Hashing Speed: SHA256 vs Murmur3

So I did some IBLT research (as posted to bitcoin-dev ) and I lazily used SHA256 to create both the temporary 48-bit txids, and from them to create a 16-bit index offset.  Each node has to produce these for every bitcoin transaction ID it knows about (ie. its entire mempool), which is normally less than 10,000 transactions, but we’d better plan for 1M given the coming blopockalypse.

For txid48, we hash an 8 byte seed with the 32-byte txid; I ignored the 8 byte seed for the moment, and measured various implementations of SHA256 hashing 32 bytes on on my Intel Core i3-5010U CPU @ 2.10GHz laptop (though note we’d be hashing 8 extra bytes for IBLT): (implementation in CCAN)

  1. Bitcoin’s SHA256: 527.7+/-0.9 nsec
  2. Optimizing the block ending on bitcoin’s SHA256: 500.4+/-0.66 nsec
  3. Intel’s asm rorx: 314.1+/-0.3 nsec
  4. Intel’s asm SSE4 337.5+/-0.5 nsec
  5. Intel’s asm RORx-x8ms 458.6+/-2.2 nsec
  6. Intel’s asm AVX 336.1+/-0.3 nsec

So, if you have 1M transactions in your mempool, expect it to take about 0.62 seconds of hashing to calculate the IBLT.  This is too slow (though it’s fairly trivially parallelizable).  However, we just need a universal hash, not a cryptographic one, so I benchmarked murmur3_x64_128:

  1. Murmur3-128: 23 nsec

That’s more like 0.046 seconds of hashing, which seems like enough of a win to add a new hash to the mix.

4 thoughts on “Hashing Speed: SHA256 vs Murmur3”

  1. Hi Rusty,
    very interesting article!
    Thanks for your hard work on Lightning Network.. i’m on the mailing list.

    Greets from Italy,
    Andrea

  2. > expect it to take about 0.62 seconds of hashing to calculate the IBLT. This is too slow

    Why is that too slow?
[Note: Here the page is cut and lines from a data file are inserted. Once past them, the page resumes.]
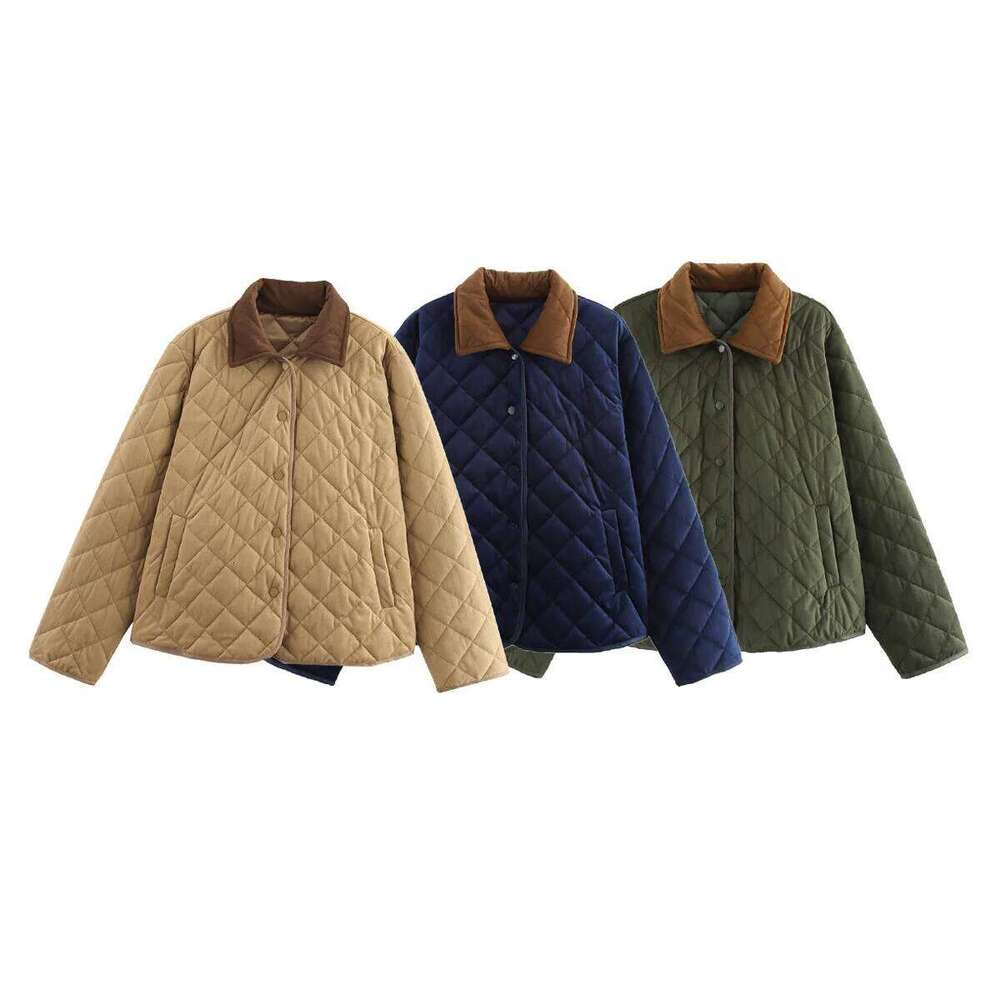 European and American style new fashion lapel quilted women's retro versatile single-breasted cotton jacket top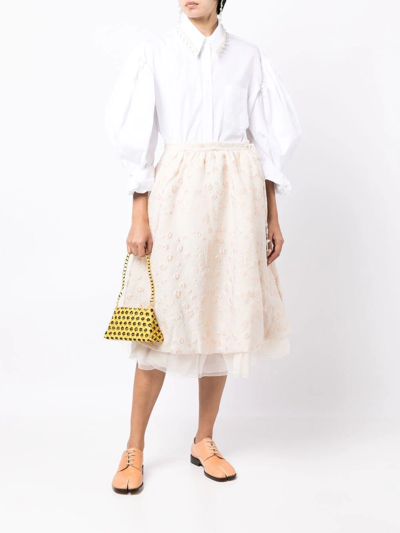 Shop Renli Su Embossed A-line Midi Skirt In Weiss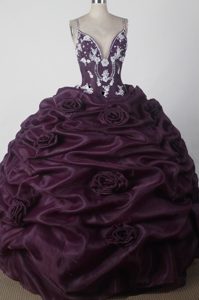 Ball Gown Straps Cheap Beaded Taffeta Quinceaneras Dress in Dark Purple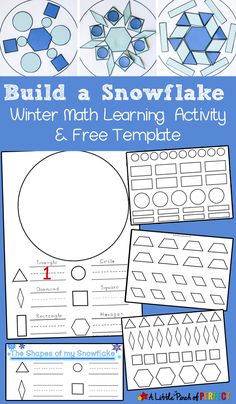 winter math learning activity and free printable worksheet for kids to practice building a snowflake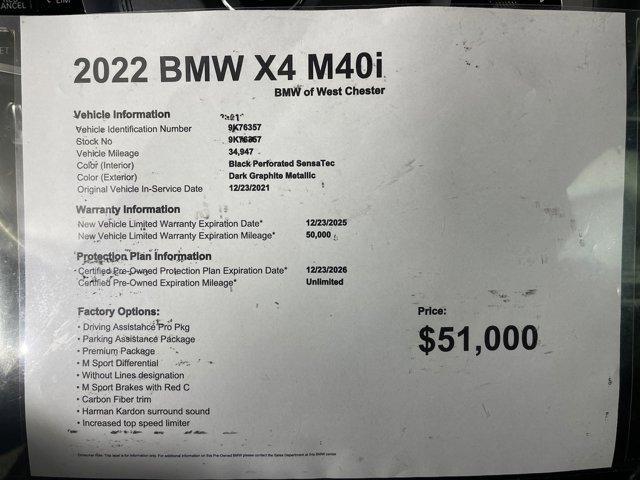 used 2022 BMW X4 car, priced at $51,000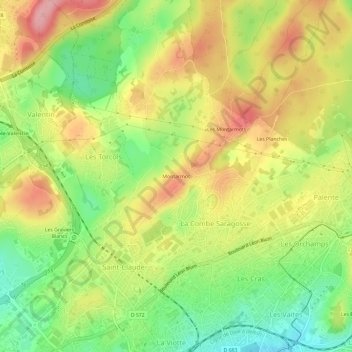 Mapa topográfico Montarmot, altitud, relieve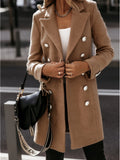 Damen eleganter Wollmantel mit doppelter Knopfleiste EB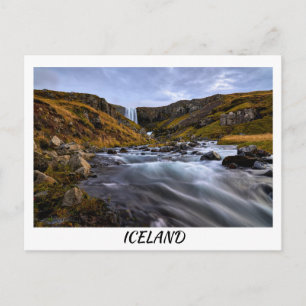 Svodufoss waterfall Snaefellsnes, IJsland briefkaa Briefkaart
I understand that blocks may have to traverse a number of hops, but 0.62 seconds is very short compared to 10 minutes. Why is incredibly fast block propagation required?

    1. Basically because it crossed my mental threshold of being worth optimizing. At half a second, we have to think about DoS risk, whether it’s better to just send the whole block on far connections, etc.

Comments are closed.